10 things I know at 40 that I wish I'd known at 20
Student loans, debt, car payments -- the effects linger.
This post comes from partner blog The Dough Roller.
The
best thing about being 40 is having survived your 20s and 30s. And at
40, I'm considered an old-timer in the personal-finance blogging
community. Reflecting back on the past 20 years, I realize that I've
learned a thing or two that I wish (oh, how I wish) I had known when I
was 20.
Here they are, in no particular order:
School loans are like a bad date -- easy to get, but hard to get rid of.
At 40, I still have more than $20,000 in school loans. Education is
important, but I spent far more money during school than I needed to
spend.
Compounding, like the 1970s Big Red Machine, is pure magic.
Assuming you retire at 65 and earn a 10% return on your investments, $1
invested when you're 20 will be worth 2.5 times more than $1 invested
when you're 30, 6.5 times more than $1 invested when you're 40, and 18
times more than $1 invested when you're 50.
New cars, once bought, aren't new. I wish I could have back all the money we've spent on cars, particularly new cars. The cost just isn't worth the financial freedom you have to sacrifice.
Great fortunes are made from small investments. It's amazing to me how small monthly investments, given enough time, can grow into substantial wealth.
Investing, like children, shouldn't wait until you can afford it.
If you can read this blog, then it's not too early to start investing.
This makes me wish I had started investing in high school. Fifty
dollars invested per month in high school earning 10% would be worth
about $212,000 at retirement.
Financial shortcuts increase the time it takes to reach your goals.
Ignore all the silly personal-finance books that promise great wealth
in a short time with no risk. Investing isn't hard, but these promises
are designed to sell books, not create lasting wealth.
My wife is more frugal than I am.
If I had recognized that 20 years ago, I would have listened to her and
not frittered away so much money on stupid stuff. Sorry, Mrs. Dough.
Unlike just about everything else in life, with investing you don't get what you pay for.

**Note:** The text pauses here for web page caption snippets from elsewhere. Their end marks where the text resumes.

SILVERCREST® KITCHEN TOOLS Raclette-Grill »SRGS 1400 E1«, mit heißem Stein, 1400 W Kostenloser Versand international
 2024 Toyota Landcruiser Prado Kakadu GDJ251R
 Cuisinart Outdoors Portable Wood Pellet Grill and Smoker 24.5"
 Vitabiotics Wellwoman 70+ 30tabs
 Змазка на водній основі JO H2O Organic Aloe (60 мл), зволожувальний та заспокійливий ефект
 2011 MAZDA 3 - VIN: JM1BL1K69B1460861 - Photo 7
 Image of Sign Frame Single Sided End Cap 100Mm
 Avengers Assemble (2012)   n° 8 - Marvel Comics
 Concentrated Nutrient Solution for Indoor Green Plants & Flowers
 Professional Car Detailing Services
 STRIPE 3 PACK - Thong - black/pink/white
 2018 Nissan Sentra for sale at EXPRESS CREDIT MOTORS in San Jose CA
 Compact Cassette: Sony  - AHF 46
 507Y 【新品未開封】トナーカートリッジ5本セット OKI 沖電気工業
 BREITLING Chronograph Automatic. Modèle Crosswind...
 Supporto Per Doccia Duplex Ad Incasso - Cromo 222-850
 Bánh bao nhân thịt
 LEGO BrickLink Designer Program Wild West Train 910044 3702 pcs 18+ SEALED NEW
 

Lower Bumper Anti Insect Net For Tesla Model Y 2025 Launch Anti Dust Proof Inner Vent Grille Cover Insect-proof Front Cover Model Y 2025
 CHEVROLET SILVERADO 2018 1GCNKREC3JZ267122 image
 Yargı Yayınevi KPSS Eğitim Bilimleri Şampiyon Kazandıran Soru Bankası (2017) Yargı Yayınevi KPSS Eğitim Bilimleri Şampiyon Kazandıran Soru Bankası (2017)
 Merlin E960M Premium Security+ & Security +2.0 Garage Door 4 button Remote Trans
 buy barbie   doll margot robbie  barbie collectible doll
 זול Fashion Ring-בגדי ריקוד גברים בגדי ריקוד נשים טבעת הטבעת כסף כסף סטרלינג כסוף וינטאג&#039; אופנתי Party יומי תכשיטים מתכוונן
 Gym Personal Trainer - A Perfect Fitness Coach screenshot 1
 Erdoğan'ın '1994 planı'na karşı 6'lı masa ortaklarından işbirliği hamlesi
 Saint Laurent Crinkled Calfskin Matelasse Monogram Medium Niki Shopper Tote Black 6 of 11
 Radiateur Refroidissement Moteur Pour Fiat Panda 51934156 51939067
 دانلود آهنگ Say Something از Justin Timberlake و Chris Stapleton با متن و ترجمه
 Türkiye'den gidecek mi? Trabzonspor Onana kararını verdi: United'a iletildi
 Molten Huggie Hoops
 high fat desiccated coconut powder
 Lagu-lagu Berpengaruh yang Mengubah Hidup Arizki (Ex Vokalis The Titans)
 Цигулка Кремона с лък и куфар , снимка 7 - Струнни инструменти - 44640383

My first few mutual funds were load funds with high expense ratios. I
was so keen on picking the best performing funds that I completely lost
sight of one of the most important factors when picking a fund -- cost.
Consumer debt is like swimming with an anchor. We now shun consumer debt, but it took us far too long to learn this lesson.
Having too much stuff robs you of happiness and wealth.
I look around our house at all the stuff we've accumulated in 20 years
and all I see is lost investing opportunities and clutter.
I wonder what I'll know at 60 that I'll wish I had known at 40.